The show, which premiered at the state-subsidized National Theatre last year before transferring to a commercial West End playhouse, has won praise for its creative use of movement and technology to make the leap from page to stage.
The Simon Stephens-scripted drama was named best new play, and 28-year-old Luke Treadaway was crowned best actor, beating a strong list of contenders including Rupert Everett, Mark Rylance and James McAvoy.
Treadaway said the Curious company knew they had created “something really special” with the show about a teenager “who sees the world differently to a lot of people.”
“I think people could kind of see themselves in him,” Treadaway said.
“This is not even necessary,” he said, holding his trophy, a bust of the late actor Laurence Olivier. “I enjoy doing it so much anyway.”
The play also won prizes for director Marianne Elliott and supporting actress Nicola Walker, as well as for set, lighting and sound.
Walker said the play had, through some “magic,” succeeded in creating an onstage world as seen through the eyes of a teenage hero with autism.
“You start out thinking (it) is completely different to our world, and you end up thinking `No, there are parts of this world I understand.'”
The Olivier awards honor achievements in London plays, musicals, dance and opera. Winners in most categories are chosen by a panel of stage professionals and theatergoers.
Founded in 1976, the Oliviers have been laying on the glitz in recent years, with glossy ceremonies modeled on Broadway’s Tony Awards.
Downton Abbey actor Hugh Bonneville and West End star Sheridan Smith – an Olivier winner in 2011 and 2012 – hosted a sparky ceremony that included performances by Glee star Matthew Morrison, Tony-winning Wicked diva Idina Menzel and 60s songstress Petula Clark.
The best new musical category had a retro feel, with the trophy going to Top Hat – a tap-dancing, tail-coated homage to Hollywood’s Golden Age based on the 1935 Fred Astaire-Ginger Rogers movie. It also won awards for costume design and choreography.
Blood-soaked musical Sweeney Todd took the prize for best musical revival, with its stars Imelda Staunton and Michael Ball named best actress and actor in a musical.
“I’m not sure I deserve this,” Ball said. “But I’ve also got sciatica, and I don’t deserve that either.”
Royal Ballet principal dancer Marianela Nunez took the prize for outstanding achievement in dance, while the same company’s Aeternum was named best new dance production.
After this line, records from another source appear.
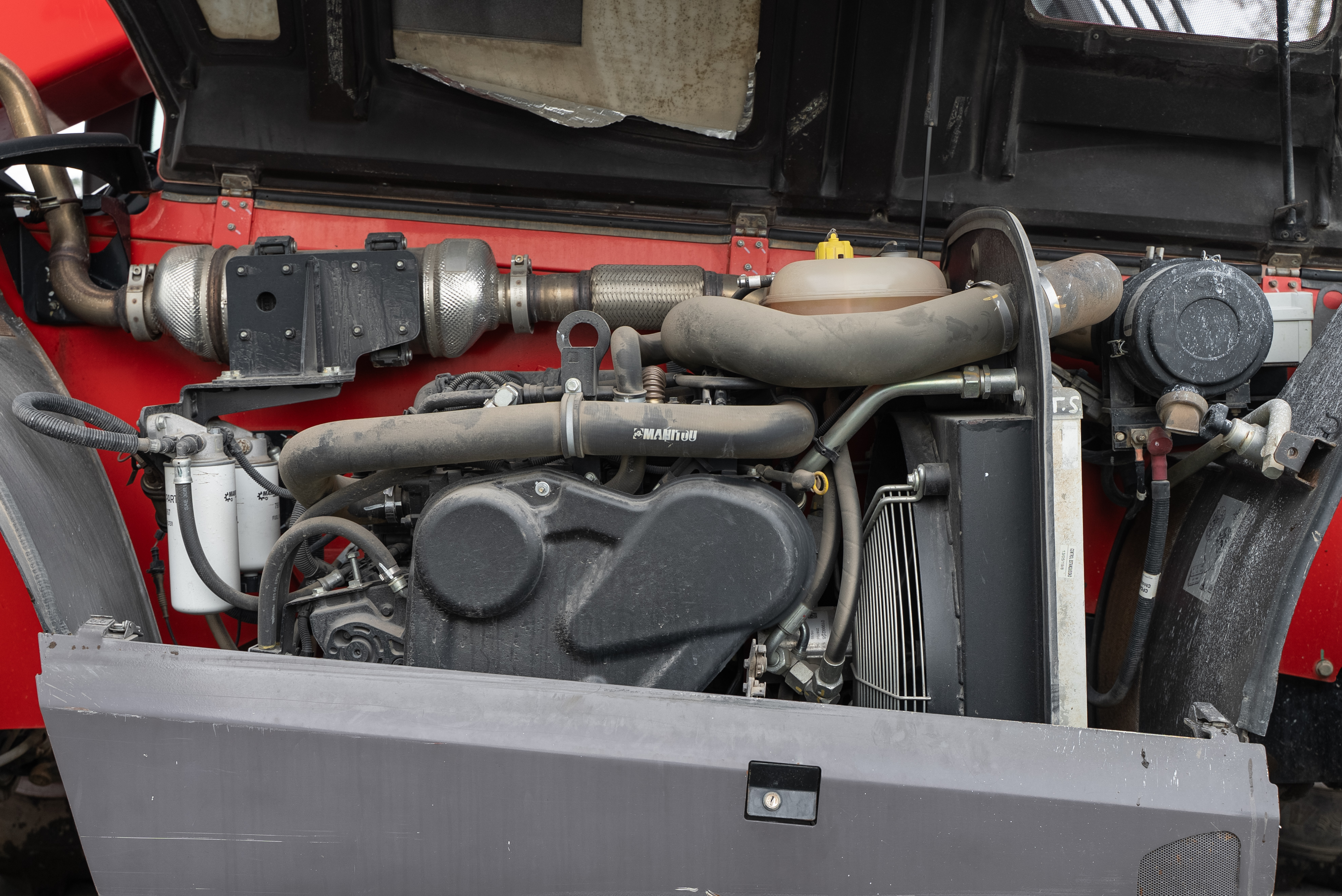 Manitou - Verreikers - MT 1440 EASY 75D ST3B S1 - Motor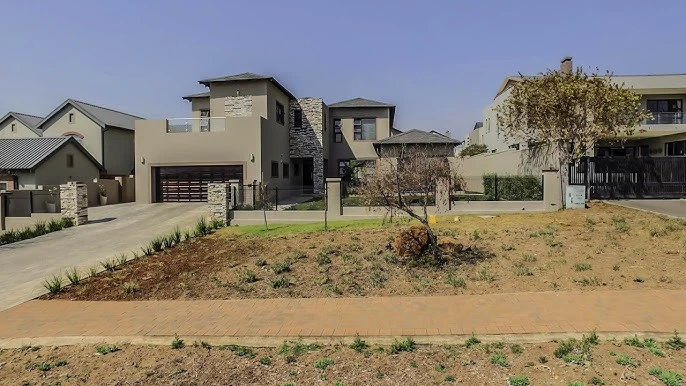 Professional landscape design and installation for Midrand homes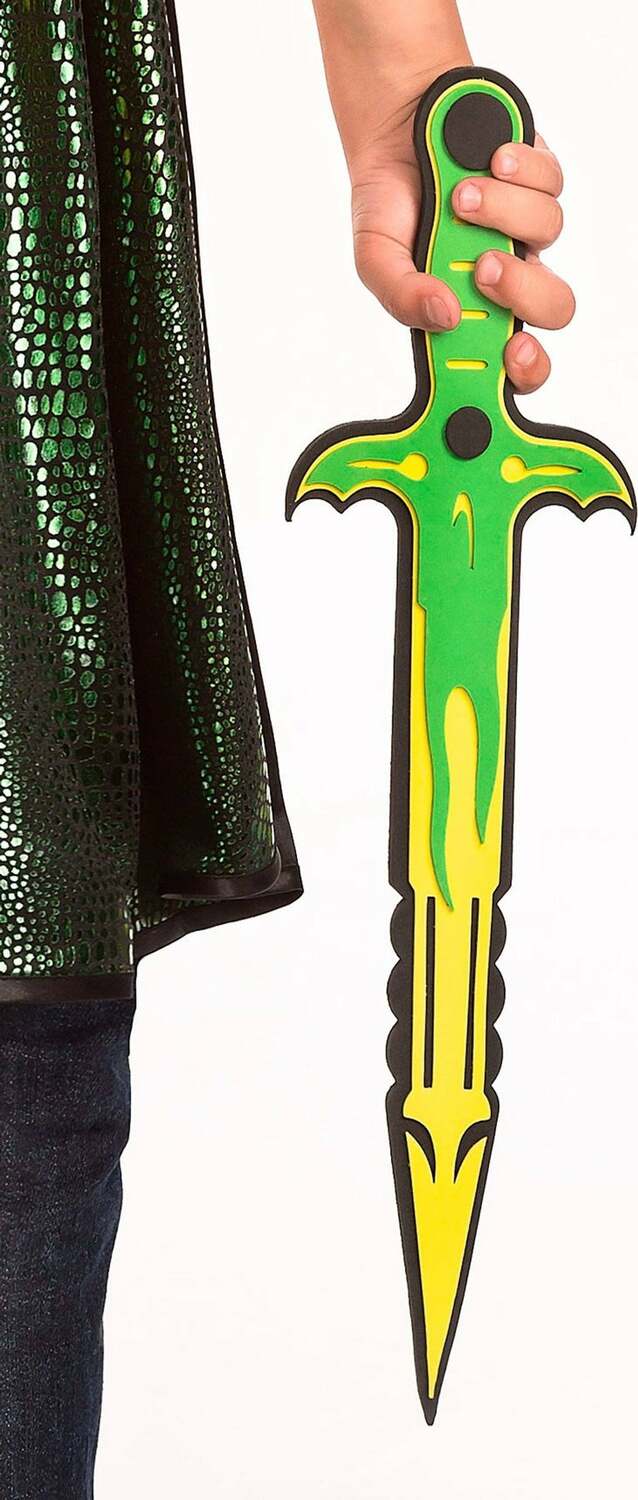 Dragon Cape & Sword Set - Ages 3-8
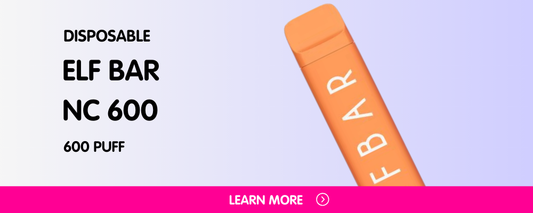 Elf Bar NC600 Disposable Pod Device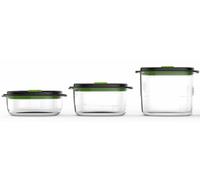 foodsaver lot de 3 boîtes pour appareil sous vide ffc026x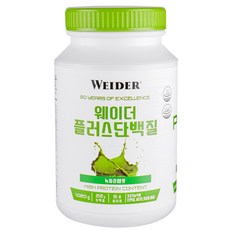 웨이더 플러스 프로틴 파우더 녹차라떼, 1.02kg, 1개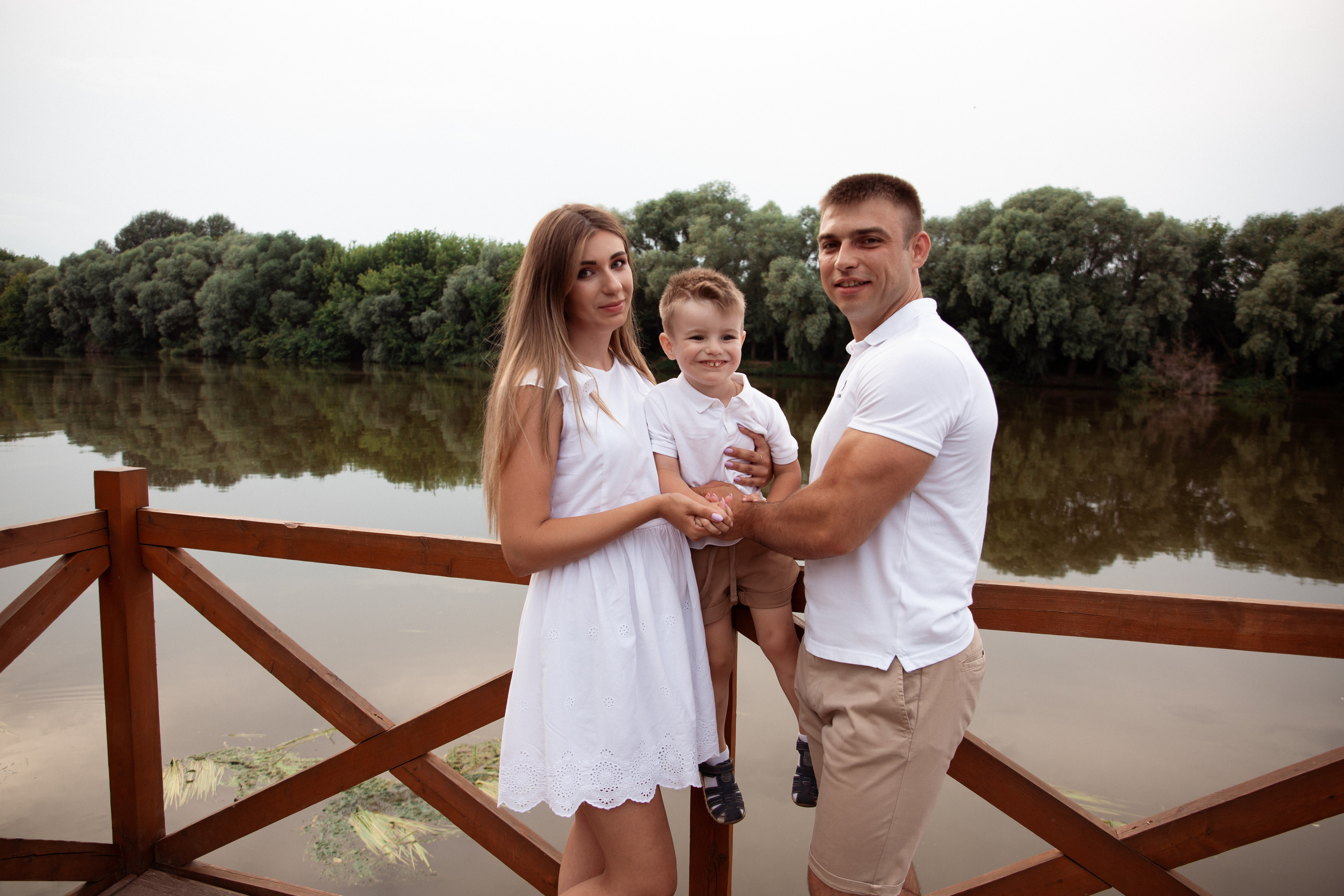 Анастасия, Павел и Владик. Фотограф Ступино, Коломна, Москва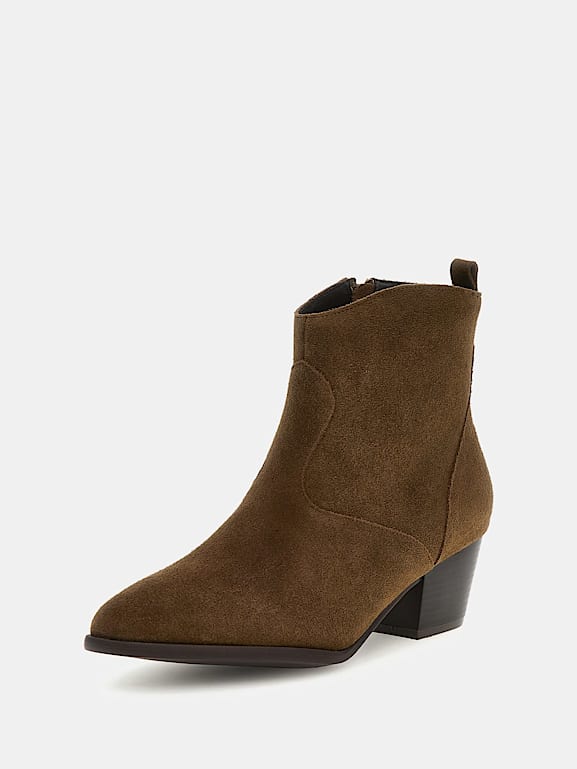 Guess boots suede online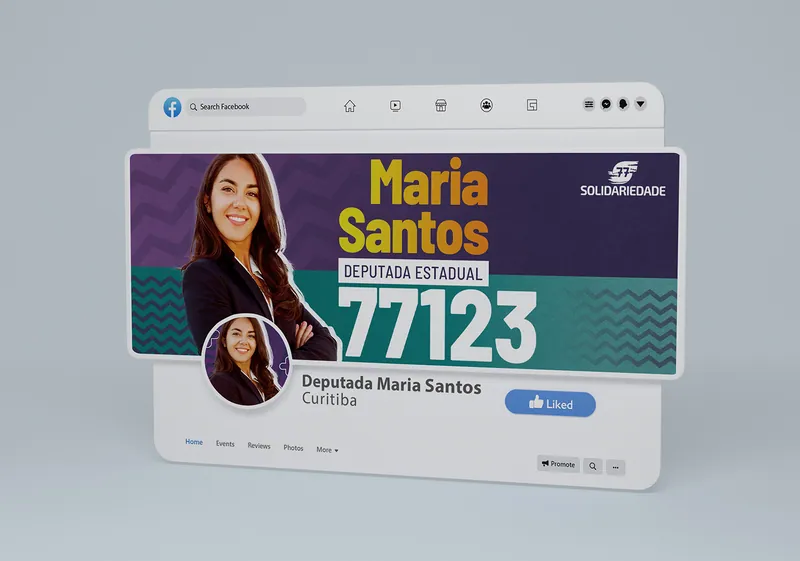 Campanha deputados estaduais e federais Solidariedade Paraná - 2022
An immersive staging of the Philip Glass opera Einstein on the Beach at London’s Barbican Centre was named best new opera production. American tenor Bryan Hymel won the outstanding achievement in opera prize for performances at the Royal Opera House.
Special achievement awards went to choreographer Gillian Lynne – best known for her work on Andrew Lloyd Webber musicals including Cats and The Phantom of the Opera – and playwright Michael Frayn, whose classic backstage farce Noises Off is still going strong 30 years after its debut.